Le nouveau projet de l'ARFI, des musiciens dont la plupart n'étaient peut-être même pas nés en 81, est néanmoins totalement différent. Si leur spectacle s'inspire du film de George A. Romero, leur nuit des morts-vivants ressemble à une évocation radiophonique jouée en direct sur scène. Sans autre image que celle de l'orchestre.
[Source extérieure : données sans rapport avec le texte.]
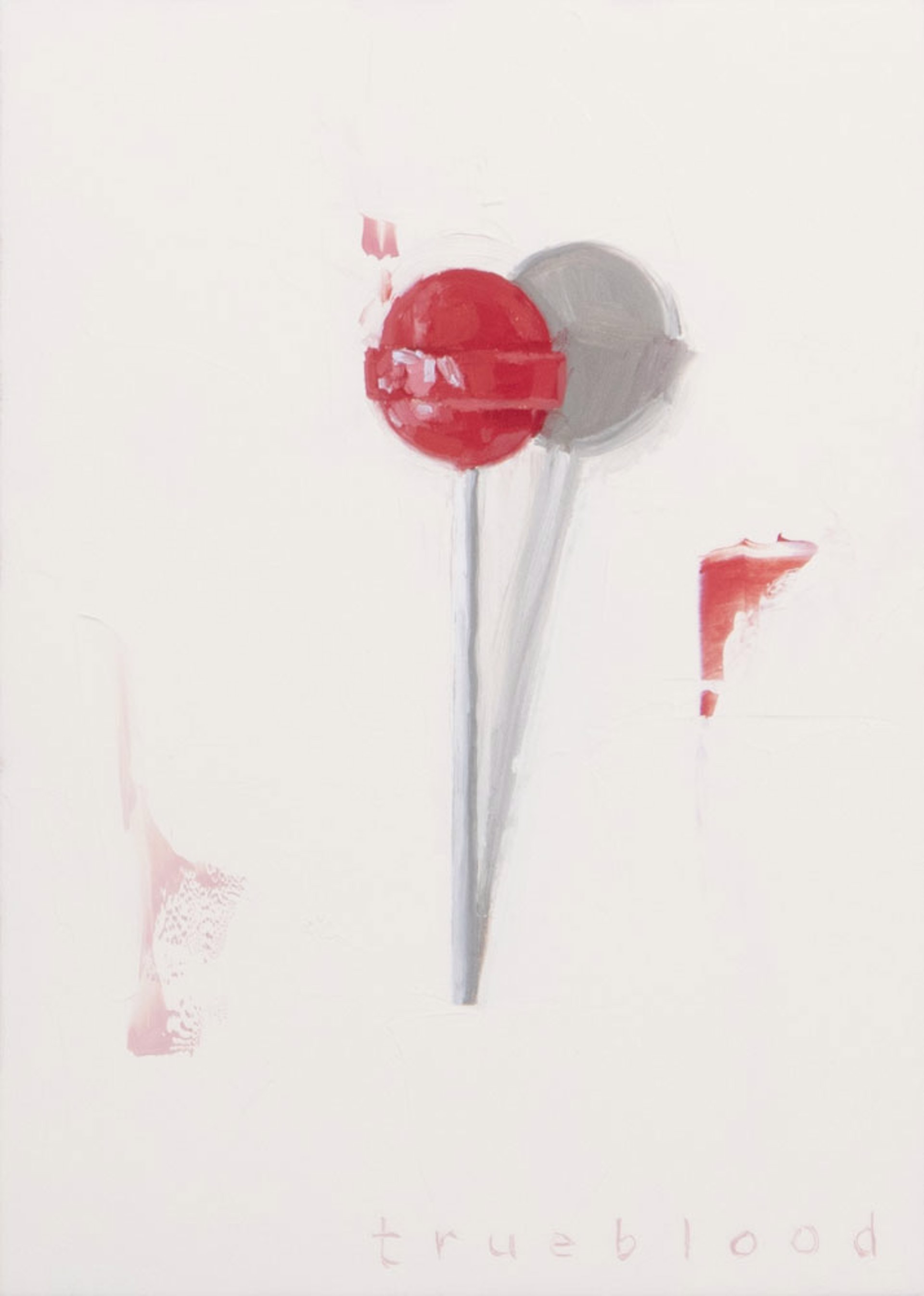 Red Lollipop by Megan Trueblood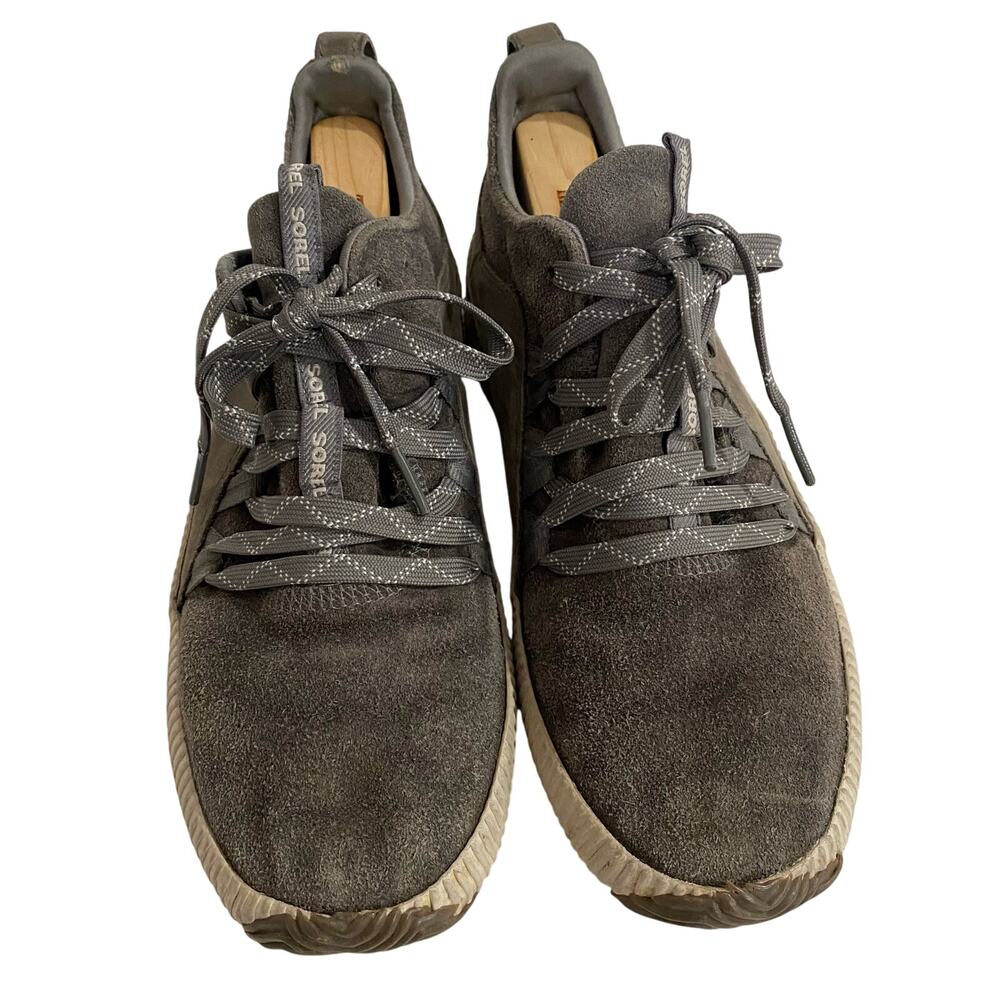 SOREL Low Top Sneakers Women’s Size 8.5 OUT N ABOUT Leather Everyday Casual Shoe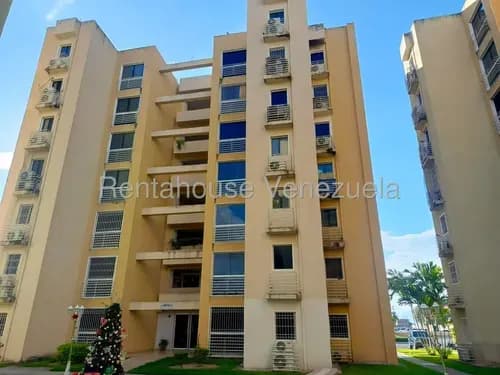 Apartamento En Alquiler En Urbanización Privada Villas Geica 2 Habitaciones 2 Baños Pozo De Agua Seguridad Nela 26-12259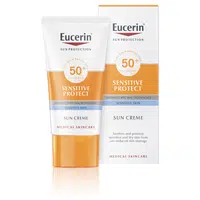 EUCERIN Sun Sensitive Protect Opalovací krém na obličej SPF 50+ 50 ml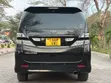 Toyota Vellfire 2009 Nyeusi - 1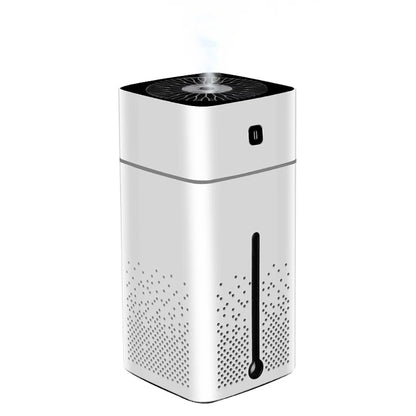 1L Cool Mist Humidifier for Bedroom Large Room Living Room Large Capacity Humidifier with Sterilize and Essential Oil Diffuser Aroma Oil Diffuser White Clearance Green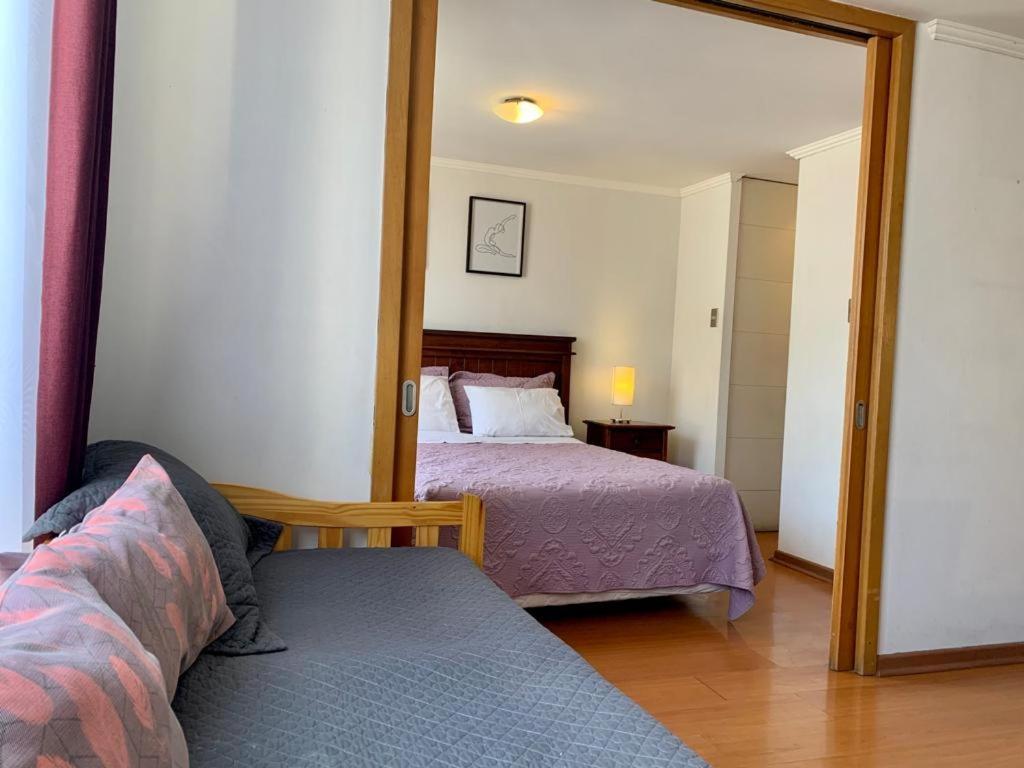 Apartament Uh Departmento Lastarria Santiago de Chile Zewnętrze zdjęcie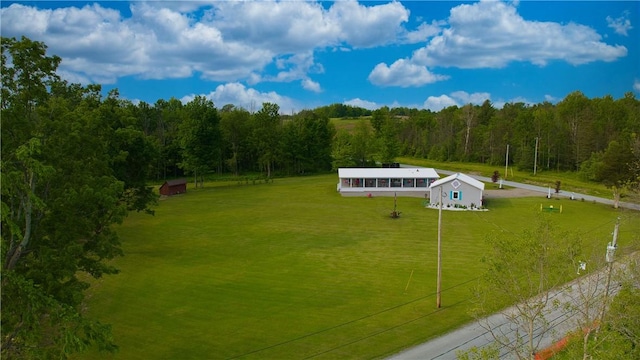 612 Oswegatchie Rd, Palatine, NY 13428 - view of subject property with a forest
Ils et elles sont sept : Loïc Bedel (voix bruitages), Olivier Bost (sons de synthèses, guitare et trombone), Christophe Gauvert (contrebasse, bruitages), Damien Grange (voix, chant, harmonica, bruitages), Pauline Laurendeau (bruitages, clavier, voix, chant), Marie Nachury (voix, chant, clavier et bruitages), Willy le Corre (percussion, voix, chant, bruitages). À l'énoncé de l'instrumentation on comprend le style du spectacle qui, également par le jeu théâtral, se rapproche fondamentalement des évocations radiophoniques des années 70 façon ACR (l'Atelier de Création Radiophonique de France Culture). Leur traitement est fidèle aux effets que les films d'horreur provoquaient lors des séances de minuit du cinéma Napoléon avenue de la Grande Armée à Paris : épouvante et grosse rigolade, probablement pour conjurer la peur. Personne ne triche, ils jouent le jeu sans craindre la ringardise. Un commentateur décrit les scènes comme si nous vivions à l'intérieur du découpage. Les descriptions techniques qui encadrent la mise en scène font partie intégrante de la fiction. Je pense aussi à Cold Blood, une pièce du cinéaste Jaco van Dormael et de la chorégraphe Michèle Anne De Mey, où le public assiste au tournage d'un film en temps réel dans un studio miniature, les rôles étant tenus par des doigts marionnettisés, tandis que le résultat est projeté sur un grand écran juste au dessus des manipulateurs, donnant l'impression d'un décor géant. La nuit des morts-vivants est à voir évidemment, mais cette interprétation purement sonore, le CD, est très réussie. On s'y croirait. La musique oscille entre les Residents, Danny Elfman et Henry Cow, soit un rock lourd et martelé, répétitif et inventif.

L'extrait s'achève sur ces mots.